Copy out exactly, from the entries that follow, the line holding "39 Southampton Dr, Massapequa, NY", the line holding "2021 Mercedes-Benz Sprinter", and all lines between them, but no pictures.

### Information given:
--

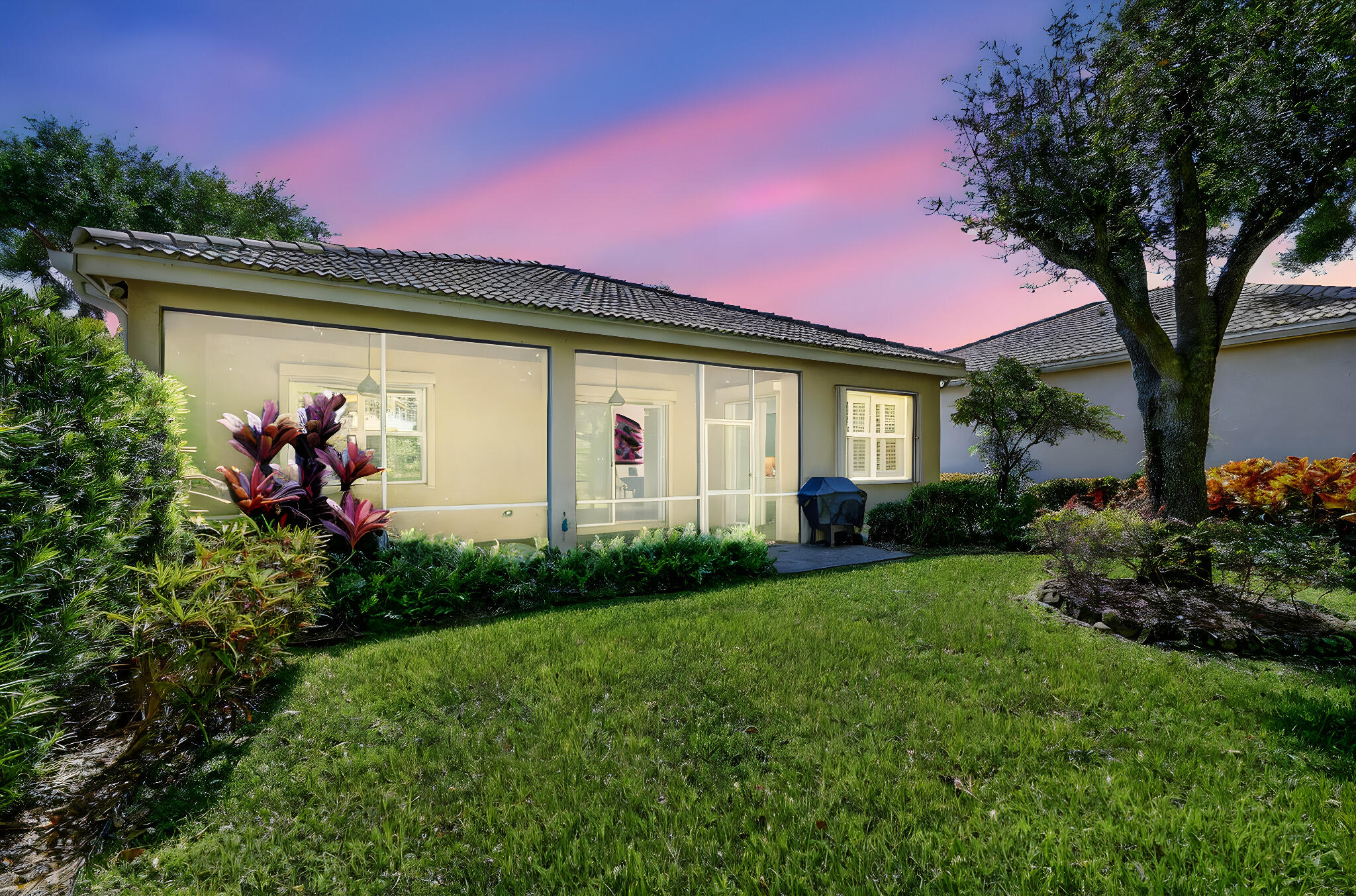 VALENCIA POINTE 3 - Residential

--

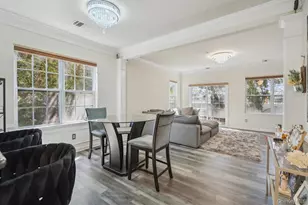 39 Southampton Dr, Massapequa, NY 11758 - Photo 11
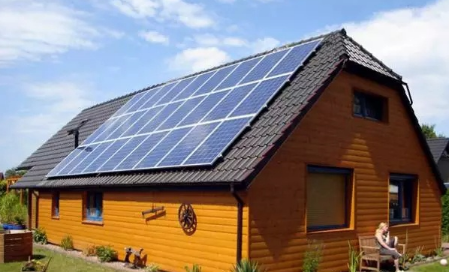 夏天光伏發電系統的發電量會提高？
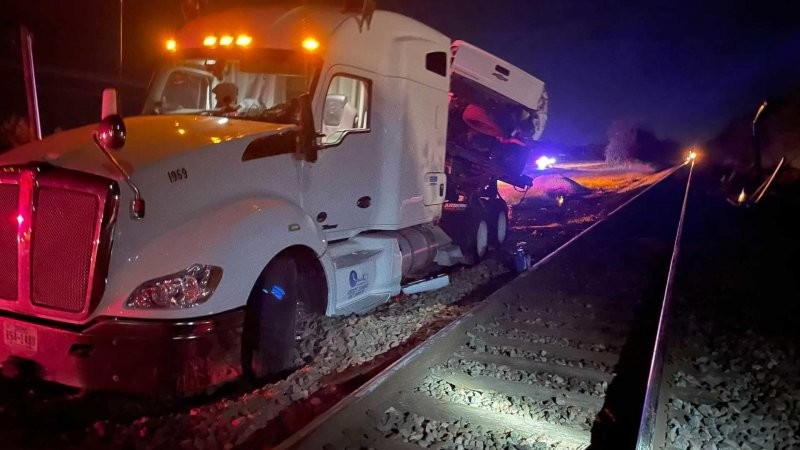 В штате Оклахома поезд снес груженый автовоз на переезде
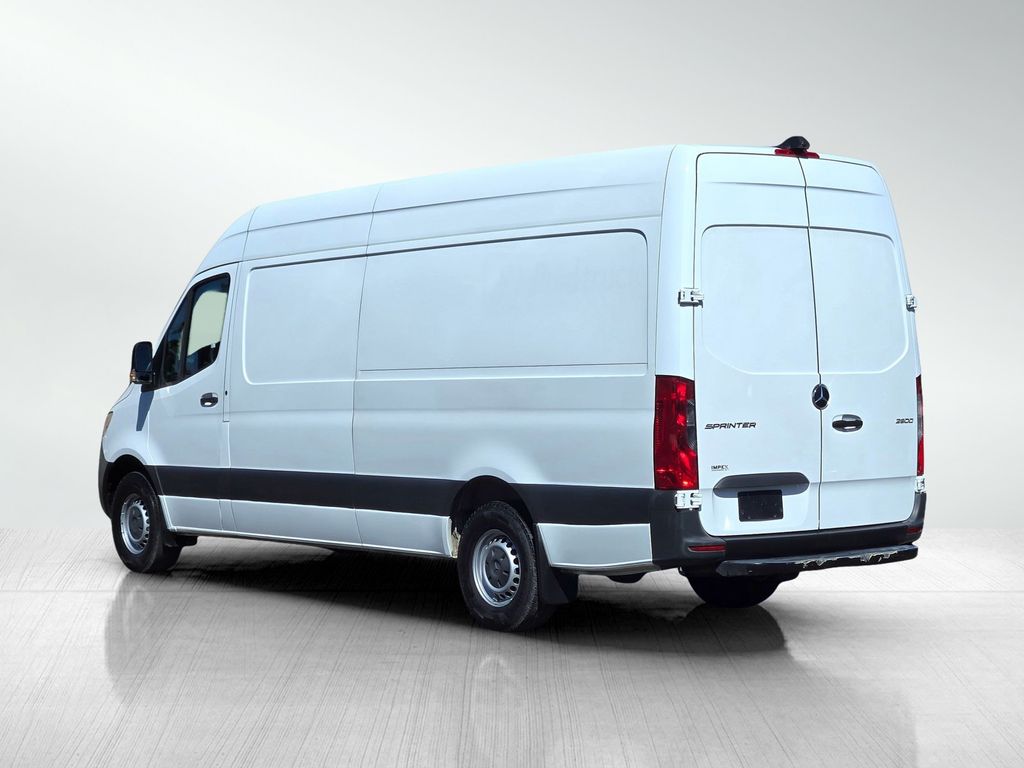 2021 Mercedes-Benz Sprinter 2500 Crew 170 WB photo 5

--

### Answer to the problem:
 39 Southampton Dr, Massapequa, NY 11758 - Photo 11
 夏天光伏發電系統的發電量會提高？
 В штате Оклахома поезд снес груженый автовоз на переезде
 2021 Mercedes-Benz Sprinter 2500 Crew 170 WB photo 5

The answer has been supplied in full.